» **PROBLEM DESCRIPTION**
What you return must match the records word for word, except that pictures are dropped.

[[ MATERIAL FOR THIS EXERCISE, beginning ]]

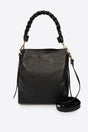 Myla Black Leather Bag by Prim & Proper - - Prim & Proper -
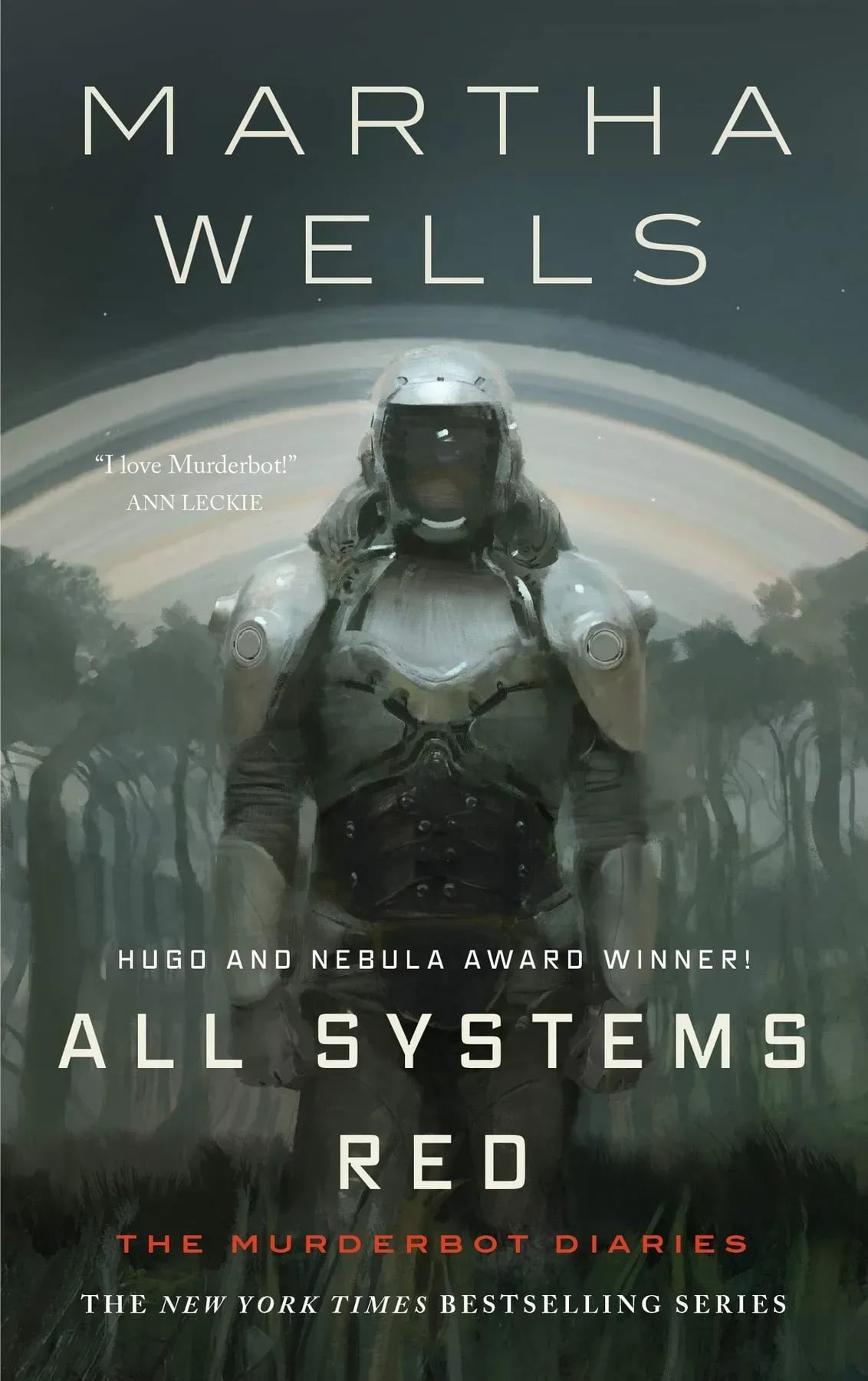 Обкладинка перевидання повісті All Systems Red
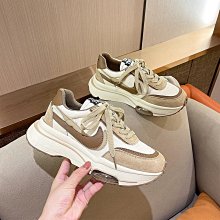 女鞋 阿甘運動鞋女新款秋冬休閒輕便減震跑步學生皮面顯腳小老爹鞋 歷史價格詳細信息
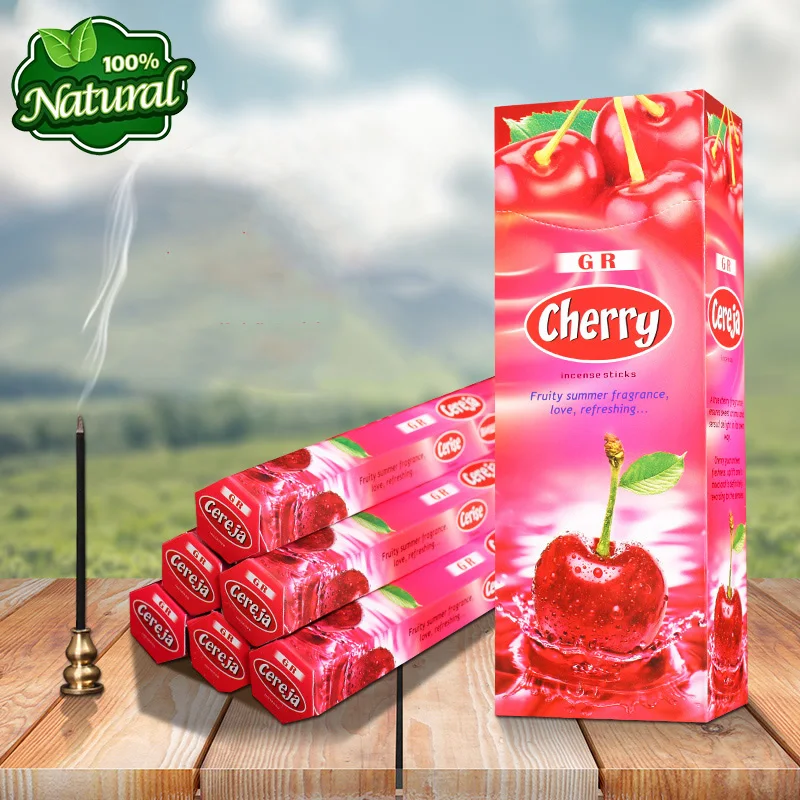 

GR Cherry Aroma India Incense Sticks,Aromatic Indoor Fragrance For Home Living,Relaxing,Stress Relief,Meditation,Refreshing,Gift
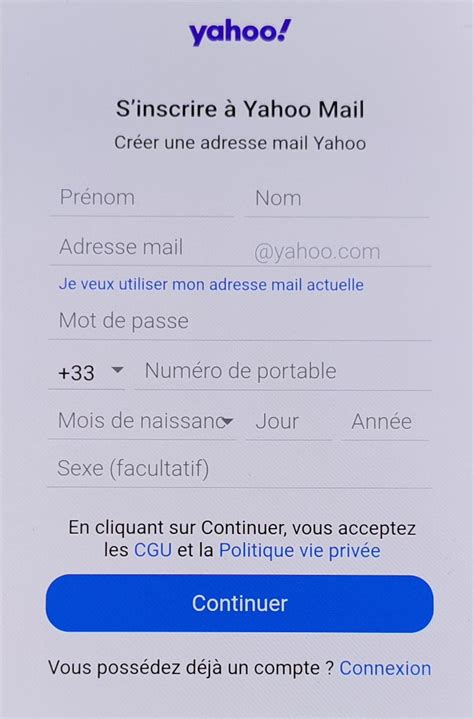 Yahoo Mail France Comment Créer Une Adresse Mail Gratuite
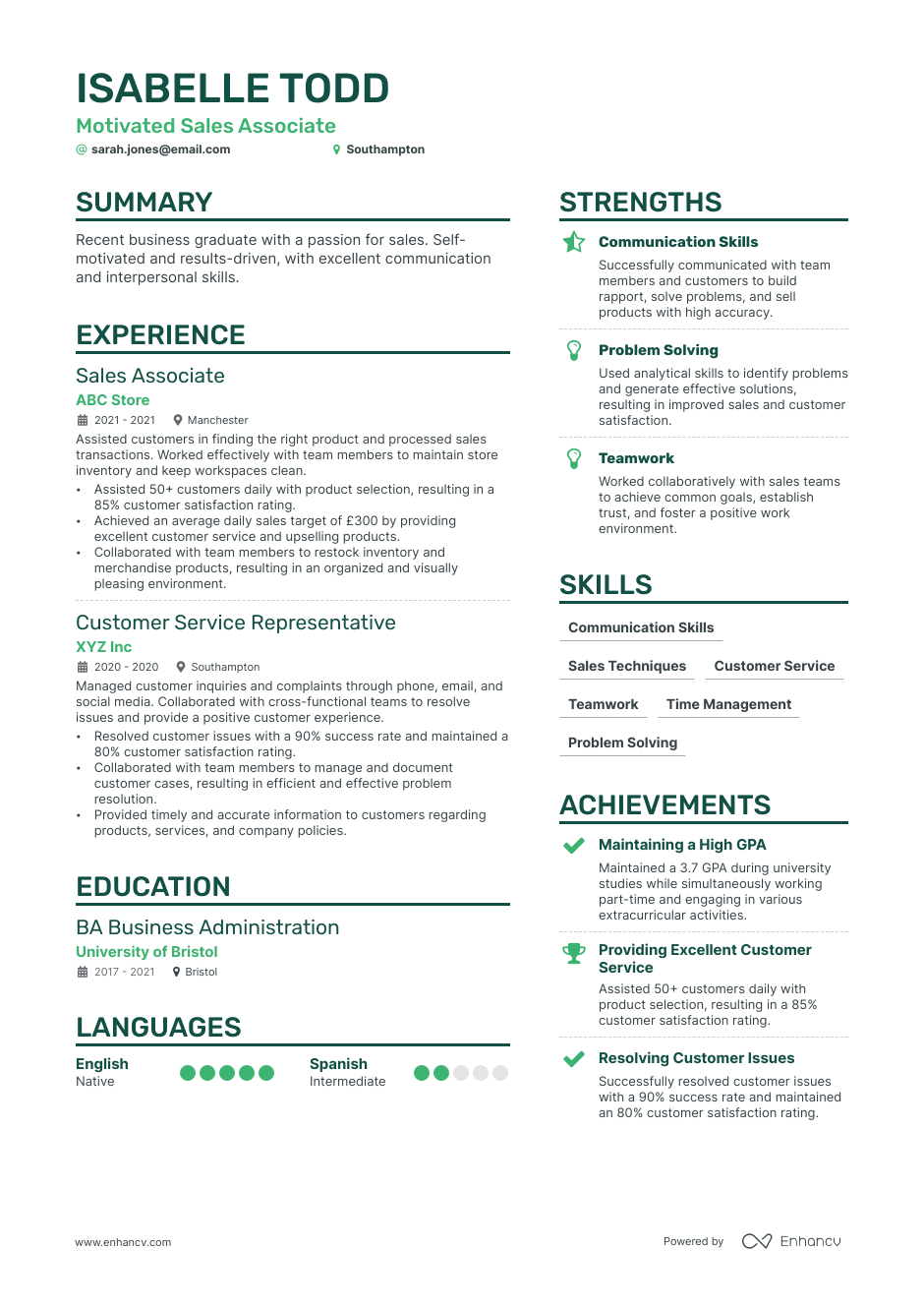 3 Sales Director CV Examples For 2023   64805d24e45af8930a0d9c6b Cv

[[ MATERIAL FOR THIS EXERCISE, end ]]

» **ANSWER TO THE PROBLEM**
 Myla Black Leather Bag by Prim & Proper - - Prim & Proper -
 Обкладинка перевидання повісті All Systems Red
 女鞋 阿甘運動鞋女新款秋冬休閒輕便減震跑步學生皮面顯腳小老爹鞋 歷史價格詳細信息

GR Cherry Aroma India Incense Sticks,Aromatic Indoor Fragrance For Home Living,Relaxing,Stress Relief,Meditation,Refreshing,Gift
 Yahoo Mail France Comment Créer Une Adresse Mail Gratuite
 3 Sales Director CV Examples For 2023   64805d24e45af8930a0d9c6b Cv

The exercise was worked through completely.